Once the line with "咖哩控一定要吃過一輪！全台1" is found in the entries below, print it and each following line exactly, stopping after the line with "De petitie om"; print nothing else.
*** SUPPLIED INFORMATION
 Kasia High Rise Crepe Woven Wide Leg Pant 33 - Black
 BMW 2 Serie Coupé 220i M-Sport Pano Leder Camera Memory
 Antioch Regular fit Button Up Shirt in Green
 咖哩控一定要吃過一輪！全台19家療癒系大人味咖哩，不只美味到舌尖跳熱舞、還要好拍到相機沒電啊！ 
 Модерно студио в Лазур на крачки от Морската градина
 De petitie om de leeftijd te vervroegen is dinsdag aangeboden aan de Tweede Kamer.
******
*** SUPPLIED INFORMATION
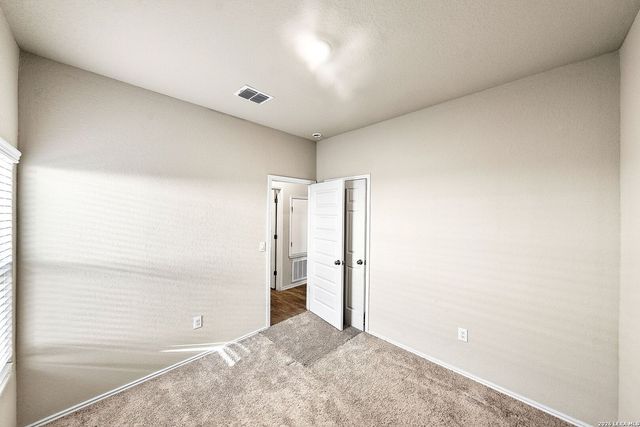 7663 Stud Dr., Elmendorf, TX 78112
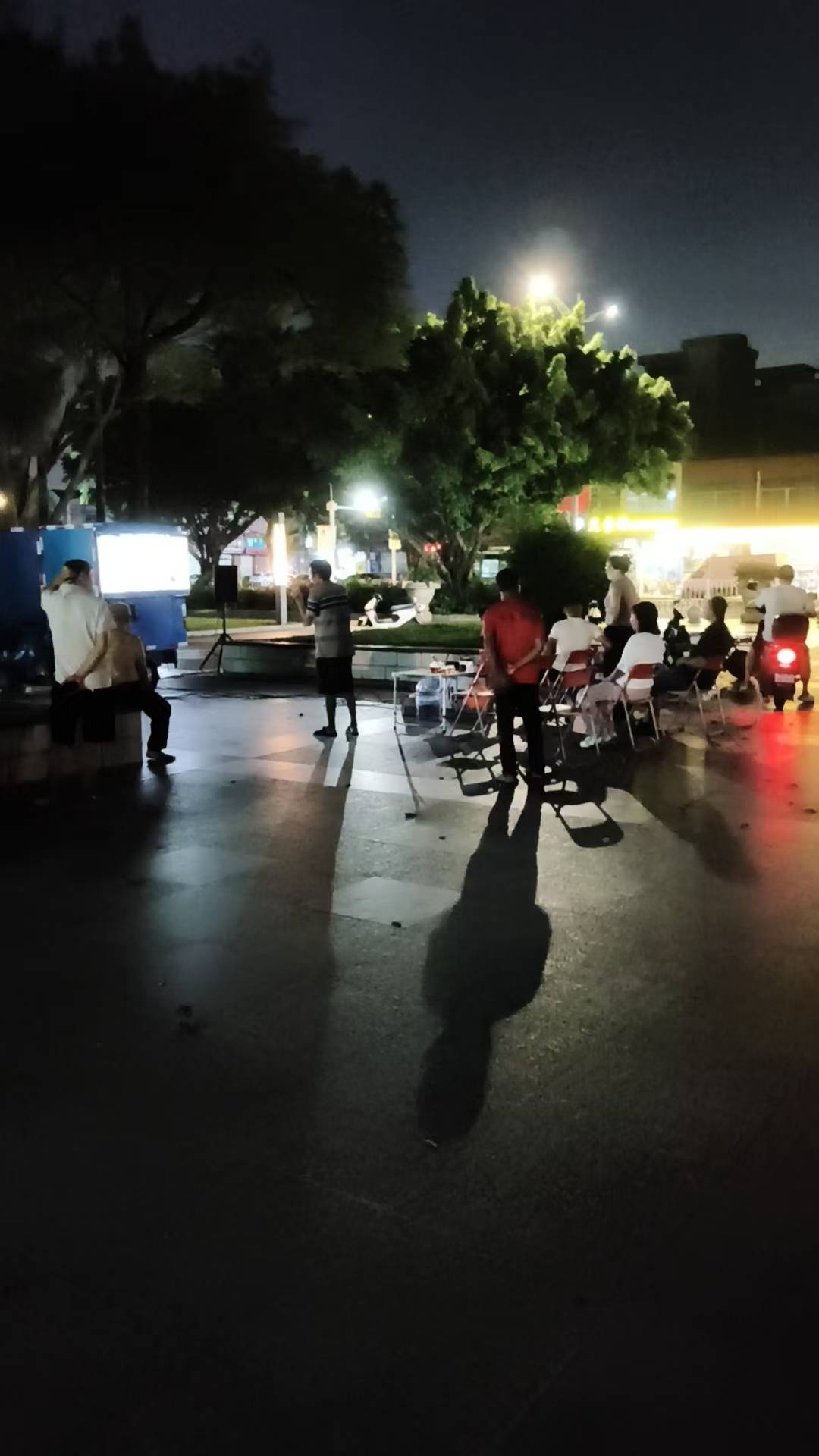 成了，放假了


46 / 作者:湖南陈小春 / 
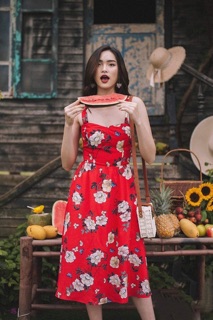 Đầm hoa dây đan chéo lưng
******
RESULT.
 咖哩控一定要吃過一輪！全台19家療癒系大人味咖哩，不只美味到舌尖跳熱舞、還要好拍到相機沒電啊！ 
 Модерно студио в Лазур на крачки от Морската градина
 De petitie om de leeftijd te vervroegen is dinsdag aangeboden aan de Tweede Kamer.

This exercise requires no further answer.